◆ Required action ◆
Under this line is some data; print exactly the lines from the one containing "Zamboni 440" through its last line, without pictures.

◆ The data ◆
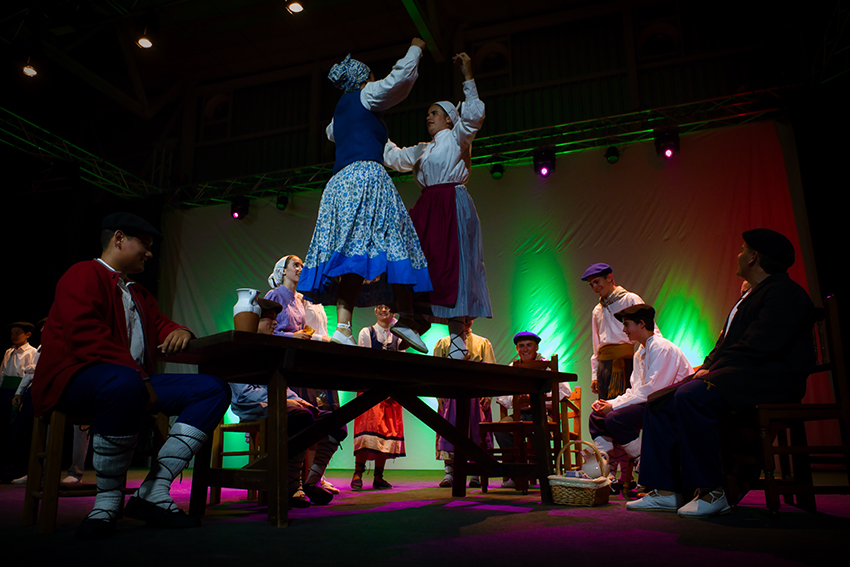 Jai ikuskizuna. Mahai-gainekoa. Arg: Edorta Zabala.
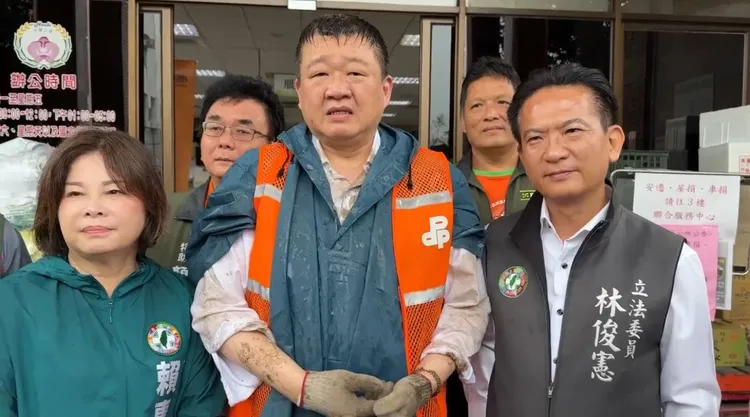 何博文受訪時指出「賴主席指示全力救災」，林俊憲則喊「天佑台灣」。讀者提供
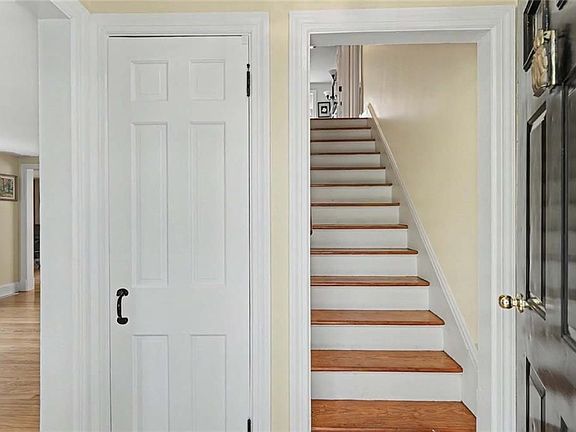 5th image of 12 Elton Rd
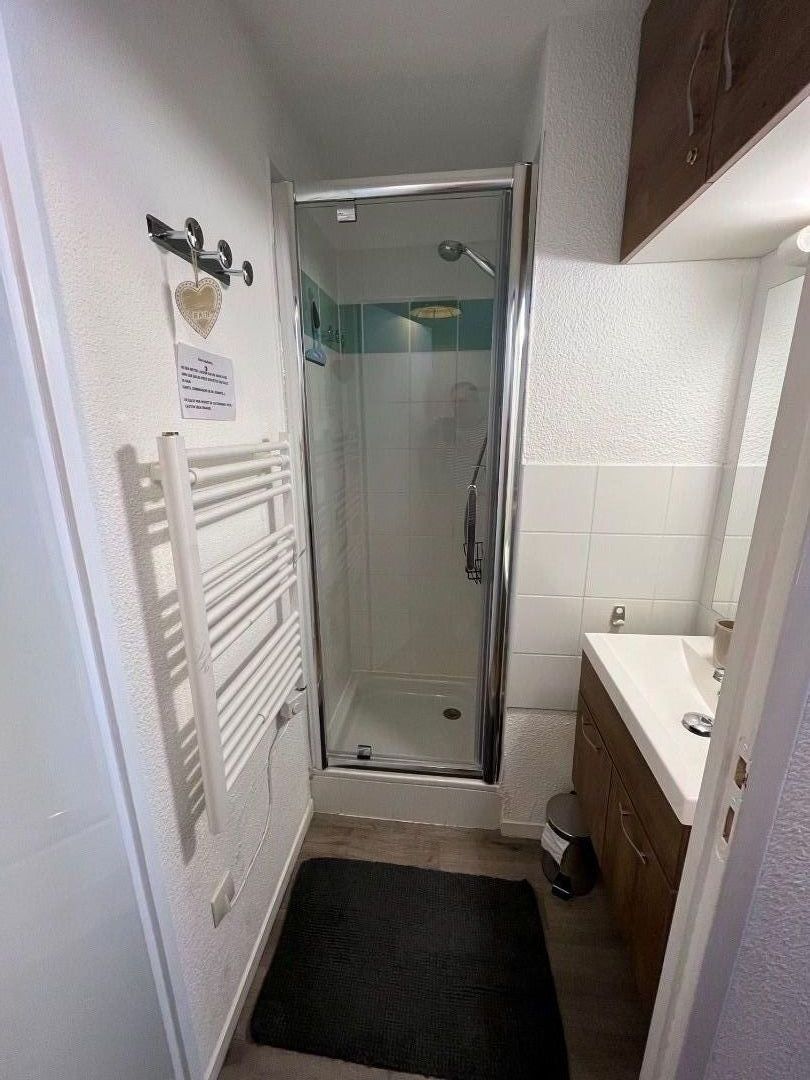 Salle de bain 2 -  Douche / Lavabo / Sèche serviettes 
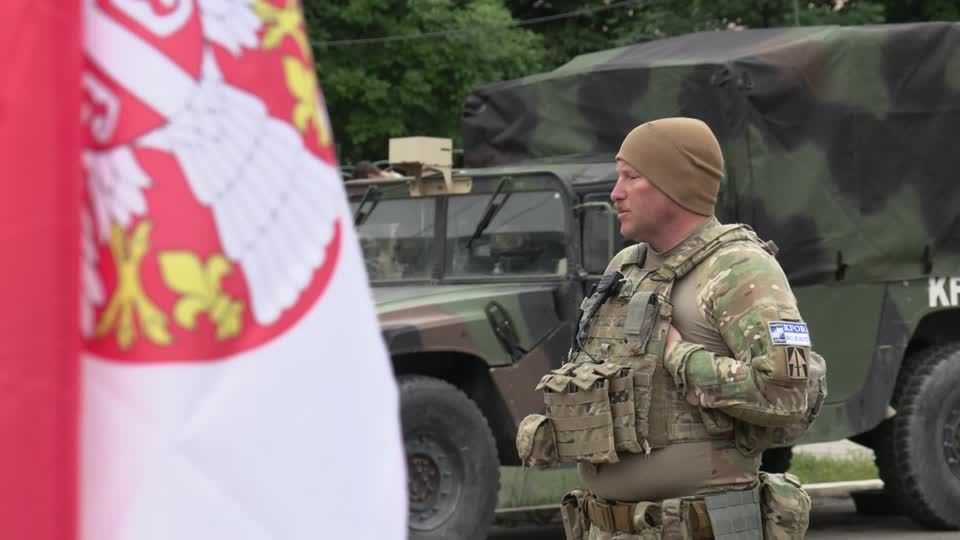 Video: KFOR-Verstärkung erreicht Kosovo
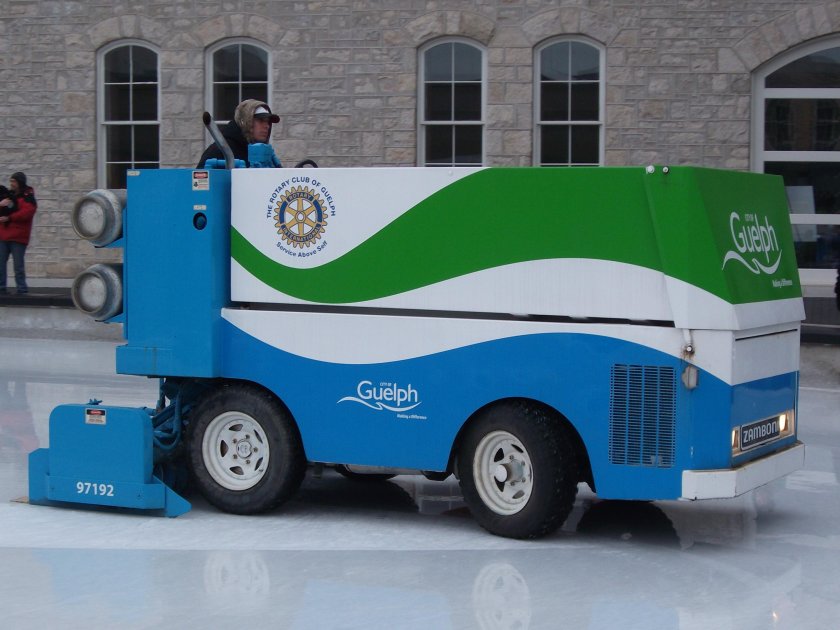 Zamboni 440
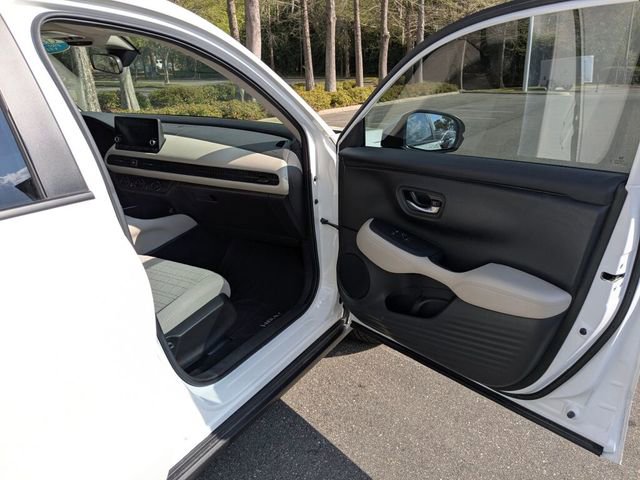 Certified 2024 Honda HR-V LX image 39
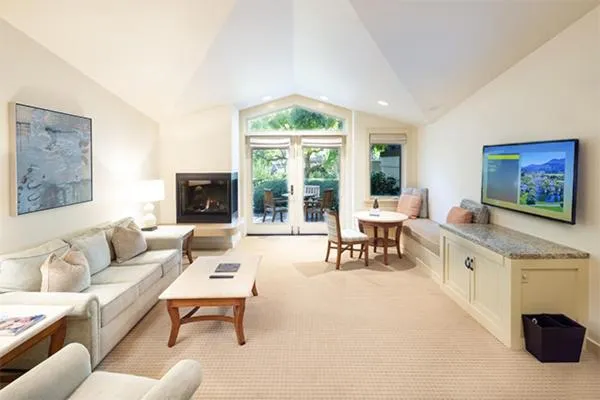 The Quail Lodge, photo 3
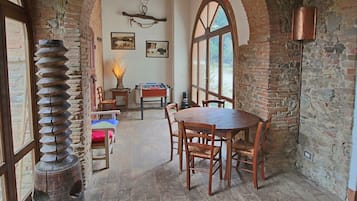 Casa clássico, 4 quartos | Parte interna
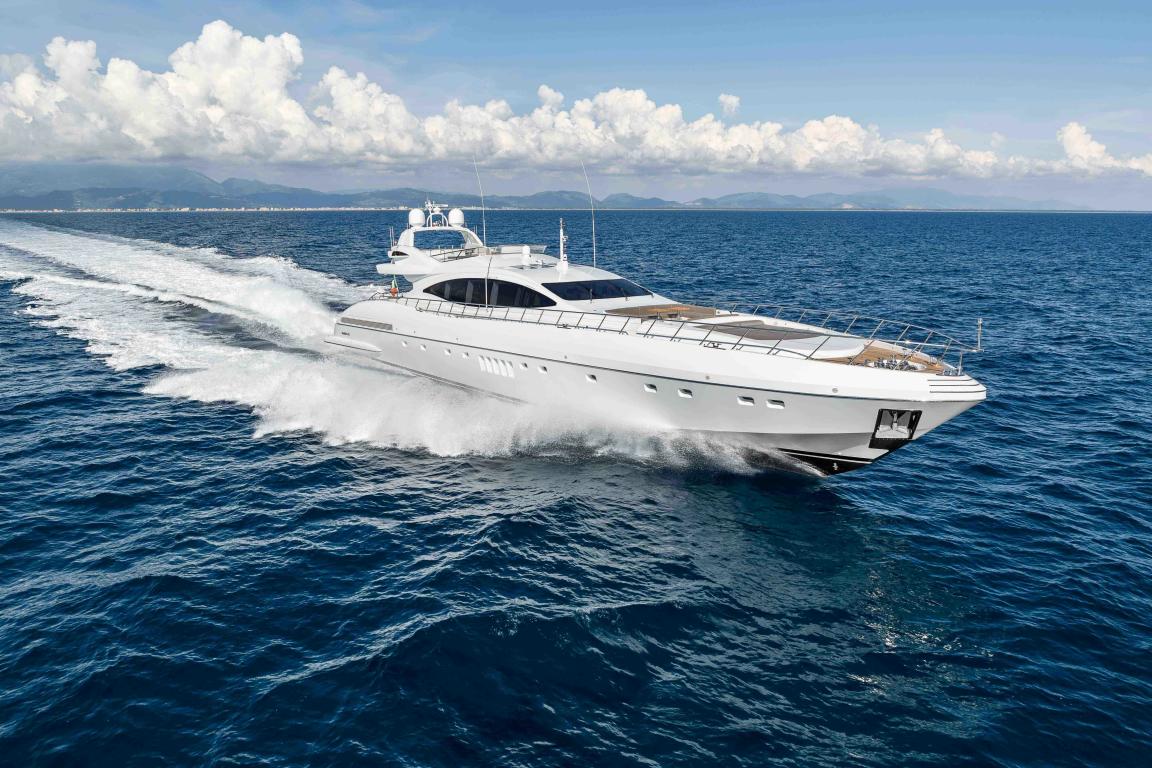 Yacht di lusso Mangusta 132: venduta la seconda unità della serie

◆ Answer space ◆
 Zamboni 440
 Certified 2024 Honda HR-V LX image 39
 The Quail Lodge, photo 3
 Casa clássico, 4 quartos | Parte interna
 Yacht di lusso Mangusta 132: venduta la seconda unità della serie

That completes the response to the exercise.